▸ **What is needed**:
Each line from the one containing "Vintage Never Underestimate" to the end of the listing below must be retyped exactly, with no line left out and none added.

▸ **Data provided**:
★ ★ ★ ★

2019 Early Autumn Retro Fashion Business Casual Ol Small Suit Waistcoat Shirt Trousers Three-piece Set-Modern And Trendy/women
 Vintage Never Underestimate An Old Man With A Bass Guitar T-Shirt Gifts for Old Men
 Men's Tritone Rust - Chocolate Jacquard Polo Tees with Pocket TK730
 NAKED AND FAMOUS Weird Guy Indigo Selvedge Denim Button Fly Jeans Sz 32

★ ★ ★ ★

▸ **Result of this task**:
 Vintage Never Underestimate An Old Man With A Bass Guitar T-Shirt Gifts for Old Men
 Men's Tritone Rust - Chocolate Jacquard Polo Tees with Pocket TK730
 NAKED AND FAMOUS Weird Guy Indigo Selvedge Denim Button Fly Jeans Sz 32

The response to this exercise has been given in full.